Each February some of the same things are rolled out to teach kids about the history of Black people. Here are a few that are not widely taught.

Each Feb. 1 marks the beginning of celebration of Black academics, poets, politics, and activists’ contributions to American history. Evolving from Carter G. Woodson’s “Negro History Week,” Black History Month was officially recognized in 1976 to uplift the “too-often neglected accomplishment of Black Americans.” But just as long as there have been efforts to uplift Black history, there have been attempts to discredit and invalidate it as well.

Beginning this year, 14 states have signed provisions into law that restrict teachings of racial justice and Black contributions to American history. Under the guide of “anti-critical race theory legislation,” lawmakers are actively working to erase Black history from the classroom and manipulate a rewritten version of history.

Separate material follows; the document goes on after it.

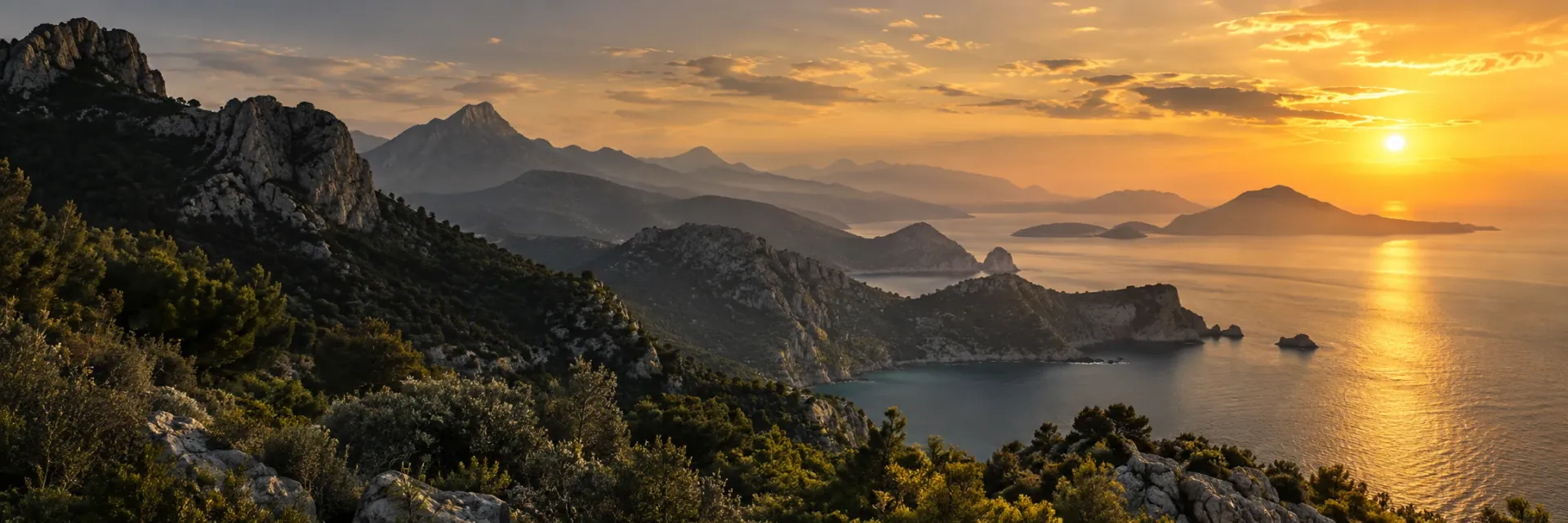 Golden sunset over rugged coastal mountains and a quiet sea.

To honor our history and celebrate our communities we're highlighting 10 Black history facts typically hidden from school curricula:

  1. Kitchen Table: Women of Color Press was one of the first Black activist feminist publishing houses

    As one of the first and few Black women-run and activist feminist publishing houses, Kitchen Table: Women of Color Press was a pioneer in providing a spotlight on the work of women of color writers who had little opportunities provided by other publishing houses. Birthed from a conversation between Combahee River Collective co-founder Barbara Smith and her friend, poet Audre Lorde, Kitchen Table was dedicated to reclaiming the narrative around women of color and being able to call the shots about its direction.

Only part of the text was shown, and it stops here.